YiFan Wu1, Ian De Boer1, Trevor Cohen1

  • 1University of Washington, Seattle, WA.

AMIA Joint Summits on Translational Science Proceedings. AMIA Joint Summits on Translational Science
|June 19, 2026
PubMed
Summary
This summary is machine-generated.

New generative pre-trained transformer (GPT) models improve adverse drug reaction (ADR) detection in electronic health records (EHRs).
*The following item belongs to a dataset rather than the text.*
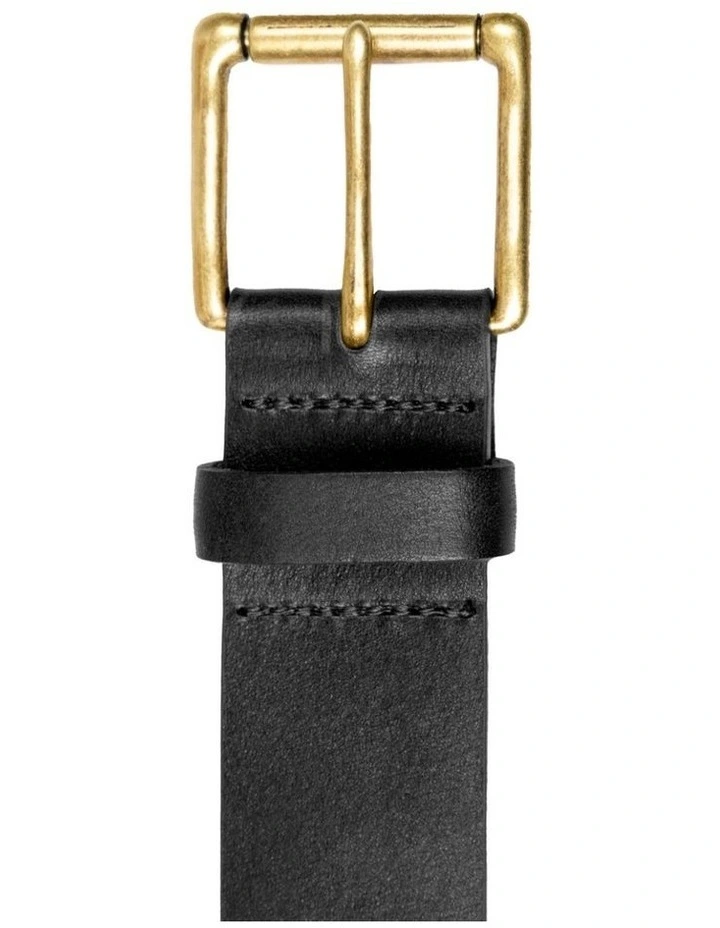 Dents Mens Heritage Lined Full-Grain Leather Belt with Antique Brass Buckle in Black image 2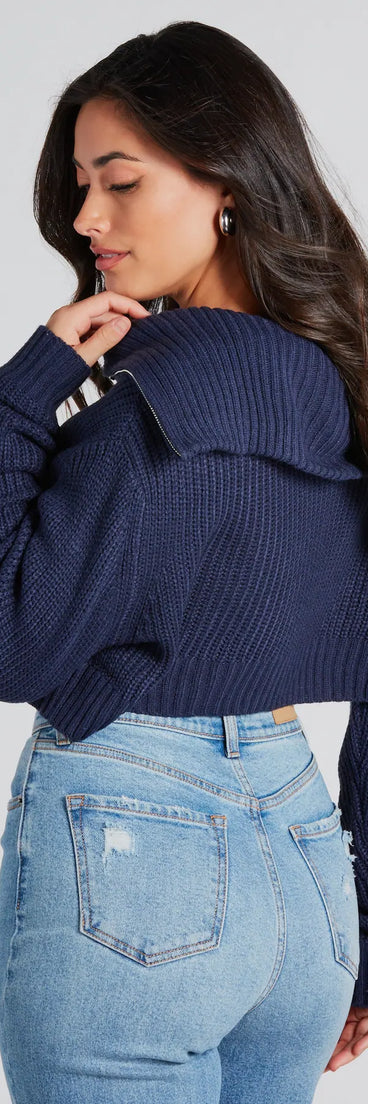 Casually Classic Collared Zip-Front Sweater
These advanced transformer models enhance pharmacovigilance by better utilizing comprehensive clinical data for patient safety.

Related Experiment Videos

Area of Science:

  • Pharmacovigilance and Drug Safety
  • Health Informatics
  • Artificial Intelligence in Medicine

Background:

  • Adverse drug reactions (ADRs) pose significant risks to patient safety and healthcare systems.
  • Current post-market surveillance methods, like disproportionality metrics, struggle with temporal causality and electronic health record (EHR) data.
  • Existing methods fail to fully leverage the potential of EHR data, leading to under-reporting and bias in ADR detection.

Purpose of the Study:

  • To develop and evaluate novel methods using generative pre-trained transformers (GPT) for improved ADR signal detection in EHR data.
  • To address the limitations of traditional disproportionality metrics in modeling temporal relationships and handling complex EHR data.
  • To enhance the accuracy and efficiency of pharmacovigilance systems through advanced AI techniques.

Main Methods:

  • Implementation of generative pre-trained transformer (GPT) models for analyzing EHR data.
  • Comparative analysis against established baseline methods using disproportionality metrics.
  • Evaluation of model performance on data from two distinct healthcare systems.

Main Results:

  • GPT models demonstrated superior performance in ADR signal detection compared to traditional methods.
  • An absolute gain of 6-16% in overall AUROC was achieved by the GPT models.
  • The study confirmed the effectiveness of transformer-based models in integrating comprehensive clinical data for pharmacovigilance.

Conclusions:

  • Generative pre-trained transformers offer a promising advancement for ADR signal detection in EHR data.
  • Transformer-based models can significantly enhance pharmacovigilance by overcoming limitations of existing methods.
  • This approach holds potential for improving patient safety and reducing healthcare burdens associated with ADRs.